What Apple Will Argue

Apple’s defense is predictable: app moderation is essential. The App Store isn’t a public utility; it’s Apple’s private property. Apple gets to decide what runs on its platform, just like a newspaper gets to decide what gets published. Content moderation is hard, and sometimes developers get caught in the crossfire. That’s unfortunate but necessary.

Apple will also argue that Rave had recourse. The app review process exists. Rave could have appealed. If they felt wronged, they could have sued (which, to be fair, they’re doing now). The fact that Rave didn’t get their preferred outcome doesn’t mean the process was unfair.

This argument has some merit, but it’s weakening. The EU is already rejecting it, and US courts are increasingly skeptical of “it’s our platform, we make the rules” defenses when one company has near-total market control. There’s a difference between editorial discretion and monopolistic gatekeeping. Apple is struggling to explain why their case is the former.

The Bigger Picture: Whose Platform Is This?

Here’s what keeps me up at night about this: we’ve built an entire digital economy on top of platforms that we don’t actually own. Millions of developers, creators, and small businesses depend on the App Store, Google Play, the web, social platforms—infrastructure they have zero control over.

That worked fine when these platforms were genuinely open or when they competed with each other. But as they’ve consolidated, as they’ve become essential infrastructure, the power dynamic has flipped. Now Apple doesn’t need developers; developers need Apple.
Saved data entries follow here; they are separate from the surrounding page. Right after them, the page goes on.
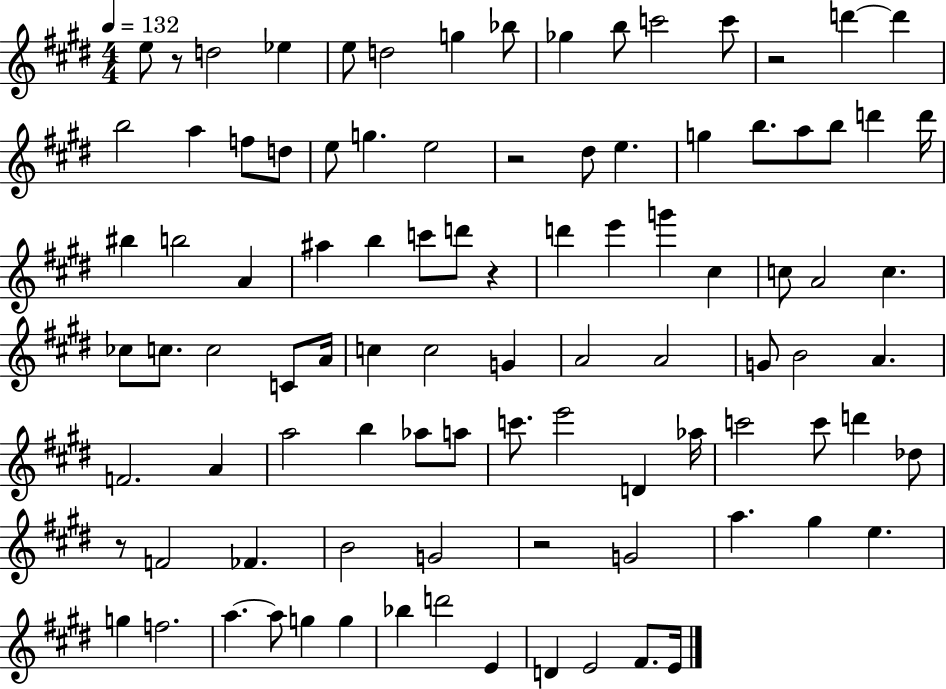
X:1
T:Untitled
M:4/4
L:1/4
K:E
e/2 z/2 d2 _e e/2 d2 g _b/2 _g b/2 c'2 c'/2 z2 d' d' b2 a f/2 d/2 e/2 g e2 z2 ^d/2 e g b/2 a/2 b/2 d' d'/4 ^b b2 A ^a b c'/2 d'/2 z d' e' g' ^c c/2 A2 c _c/2 c/2 c2 C/2 A/4 c c2 G A2 A2 G/2 B2 A F2 A a2 b _a/2 a/2 c'/2 e'2 D _a/4 c'2 c'/2 d' _d/2 z/2 F2 _F B2 G2 z2 G2 a ^g e g f2 a a/2 g g _b d'2 E D E2 ^F/2 E/4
And when you have that kind of asymmetry, abuse becomes inevitable.

Rave’s lawsuit is really asking: at what point does a platform become a utility? At what point does owning the infrastructure give you obligations, not just rights? Those are philosophical questions with legal consequences.

What Happens Next

If Rave’s case survives a motion to dismiss—a big if—we’re looking at discovery that could be devastating for Apple. We’d see internal emails about competitive decisions, moderation standards, and how Apple prioritizes its own services. We’d get clarity on whether Rave was removed for legitimate moderation reasons or competitive ones.

Even if Rave loses, the lawsuit signals to other developers that fighting back is possible. More cases will follow. The regulatory pressure from the EU and US will continue. And slowly, Apple’s absolute control over iOS will erode.

The company will adapt. It always does. But the days of Apple making unilateral, unappealable decisions about what runs on iOS are numbered. Whether that’s good or bad depends on what replaces it—real competition and developer rights, or just a different kind of gatekeeping.

For now, Rave is swinging at a giant. But the giant is already wounded, and more challengers are lining up.